- EXERCISE DIRECTIONS: From the first line of the data below through the line bearing "So, this is", reproduce each line exactly; do not include pictures.

INFORMATION SUPPLIED START

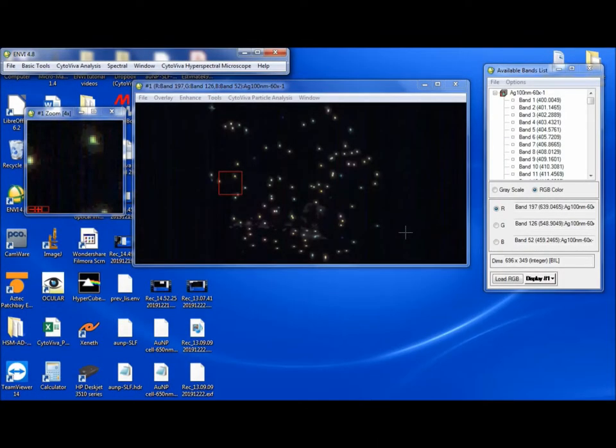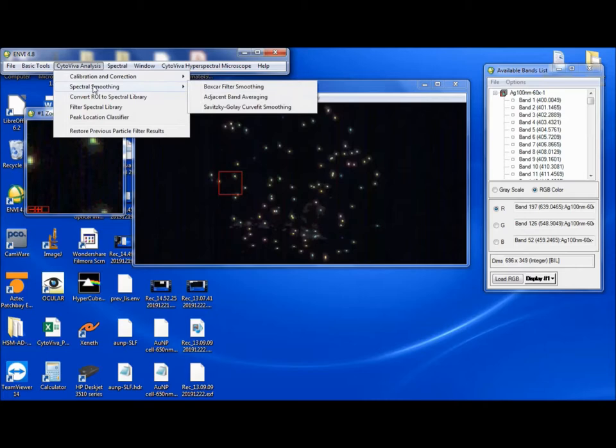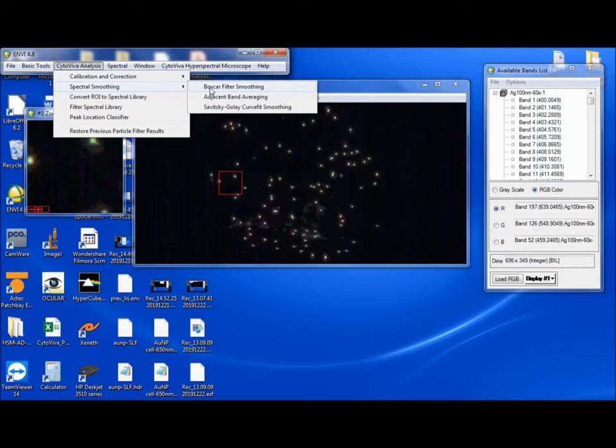Hello. Today we're going to go over the Cytaviva analysis tool for spectral smoothing. Spectral smoothing is a function that we put into the software to smooth out the spectrum. There are three different ways to do this in the tool.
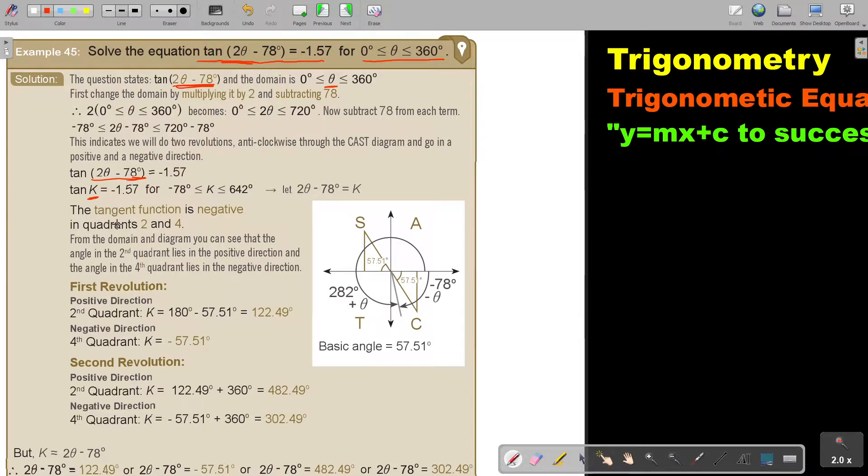The tangent function is negative in quadrant 2 and quadrant 4. That is correct.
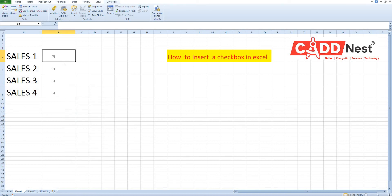So, this is the easiest way to add checkbox in Excel. If you like this video, subscribe to our channel for upcoming videos. Thank you.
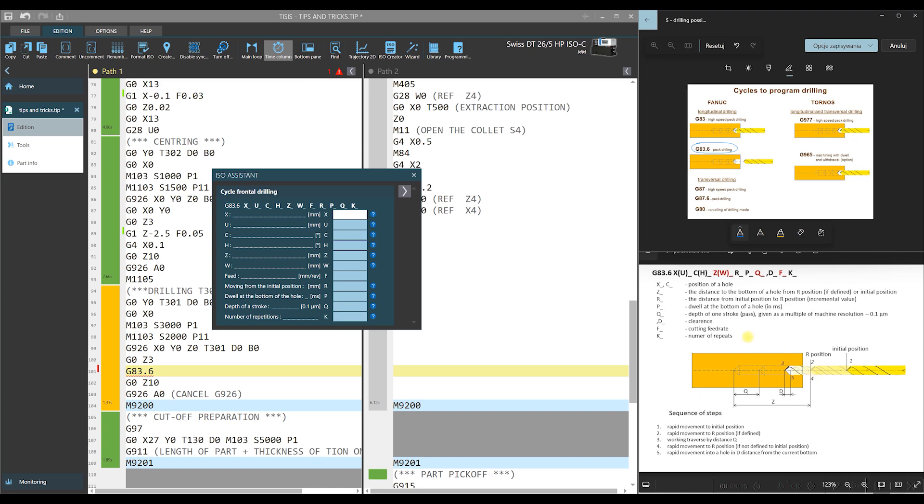But at the beginning, I have to make one remark. To make this figure more clear and easier to explain, it is prepared as a tool was moving. Of course, we know that on our DT26HP machine, a tool is fixed and moves a material. But rules how this cycle works are valid for our machine as well. First, there is movement to the initial position. This is step one. In our case, this is this positioning G0 Z3 here.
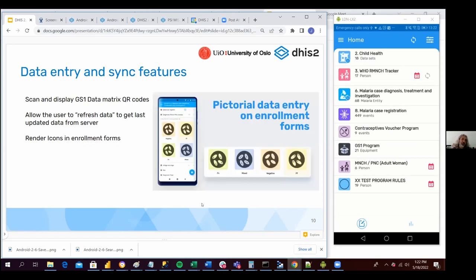Icons can also render in enrollment forms. Pictorial data entry has been a feature supported by Android from the very beginning, from the very first version. But it was only happening in the program stages — so now this is also possible during the enrollment.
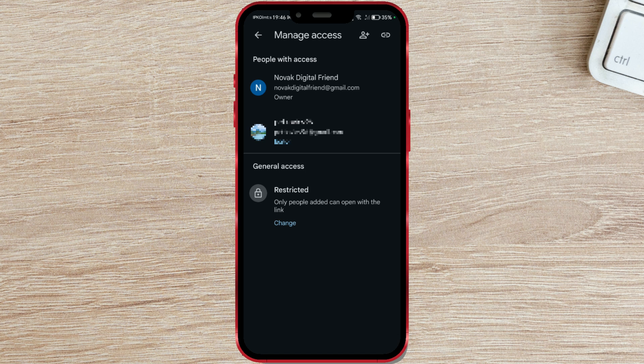At the top of the screen, you can see who has access to the file. At the bottom, you adjust the access.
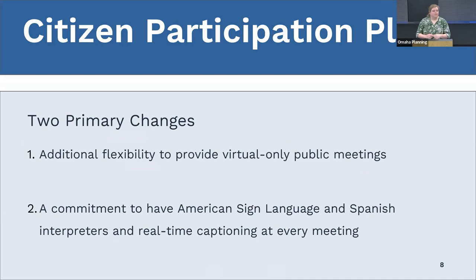So what are we changing? There are two primary changes we're making in this update. First, we are adding more flexibility for when we'll have virtual-only public meetings. Second, we're adding a commitment to always have, at a minimum, interpreters for ASL and Spanish at all of our public meetings. There are some other changes that you may notice if you compare the documents side by side, but these are strictly formatting and editing — they don't change what we're requiring ourselves to do.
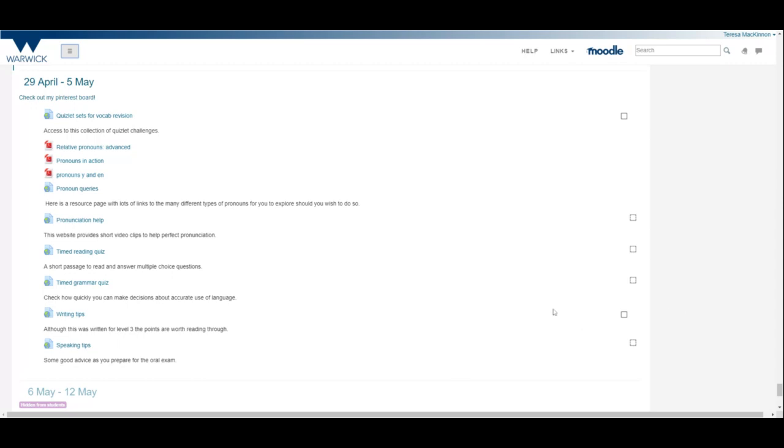Alors, préparez-vous bien. Il faut revenir à votre français et je vous souhaite bon courage et je ne vous quitte pas. Je suis ici. Alors, contactez-moi si vous en avez besoin. Alors, voilà. Bon courage. Bon courage. Je reviens ici. Bon courage et à bientôt. Au revoir.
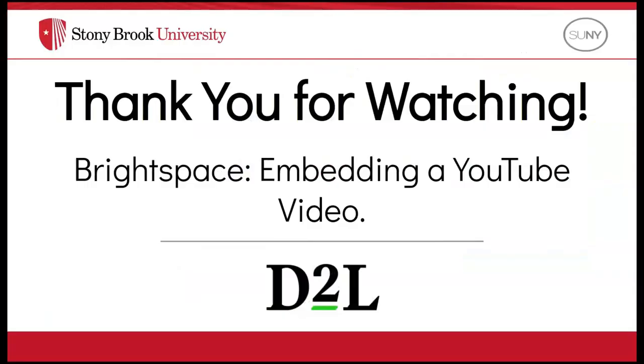Thank you for watching. Please subscribe to our YouTube channel so that you can keep up-to-date information about Brightspace.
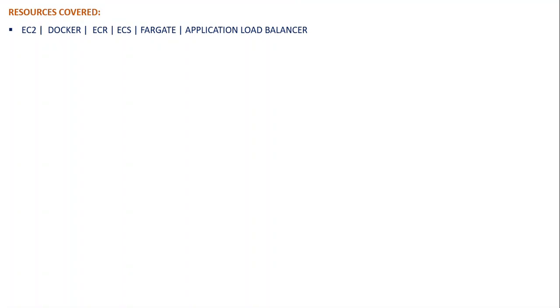And then ECR will help us to store our image, which is Elastic Container Registry. Then we'll deploy our application to ECS, which is Elastic Container Service. That is actually our target environment.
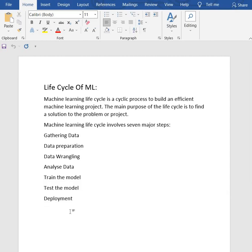If our prepared model is producing an accurate result as per our requirement with acceptable speed, then we deploy the model in the real system. But before deploying the project, we will check whether it is improving its performance or not.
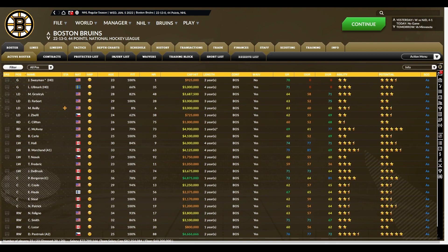Thanks for watching, guys. I would absolutely tell you to go out and purchase Franchise Hockey Manager 8 on Steam today. It's a great game. Talk to everybody later. Bye-bye.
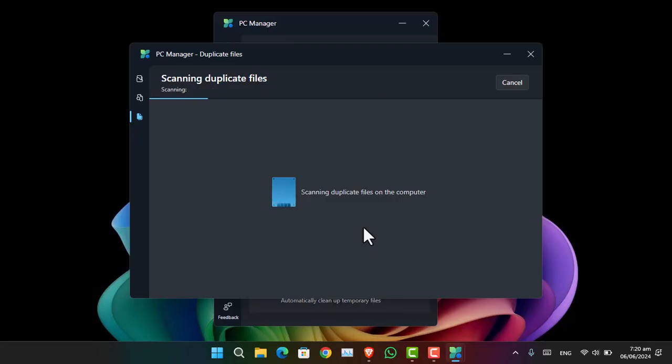And then if you are confirmed or sure that there are duplicate files, you can just simply go ahead and delete them right away. Now please wait a moment until it's done with the scanning of the duplicated files.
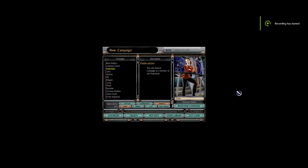Greetings Captains, and welcome to the start of Season 10 of Starfleet Command Orion Pirates Plus Mod.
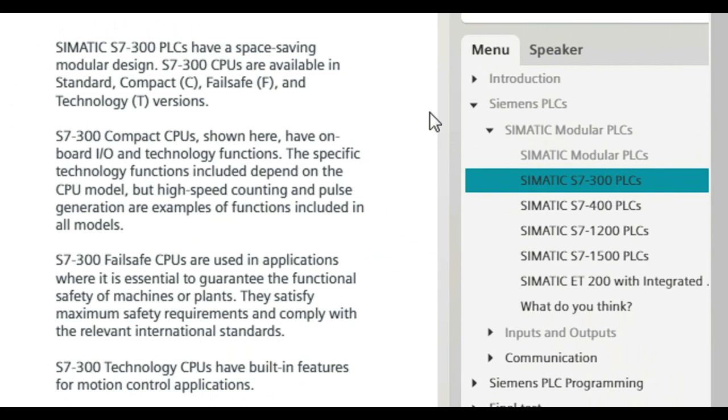Some standard CPUs, like CPU 315-2 PNDP shown in the accompanying graphic, have integrated PROFINET and PROFIBUS DP ports.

INFORMATION SUPPLIED END

- TASK ANSWER:
Hello. Today we're going to go over the Cytaviva analysis tool for spectral smoothing. Spectral smoothing is a function that we put into the software to smooth out the spectrum. There are three different ways to do this in the tool.
The tangent function is negative in quadrant 2 and quadrant 4. That is correct.
So, this is the easiest way to add checkbox in Excel. If you like this video, subscribe to our channel for upcoming videos. Thank you.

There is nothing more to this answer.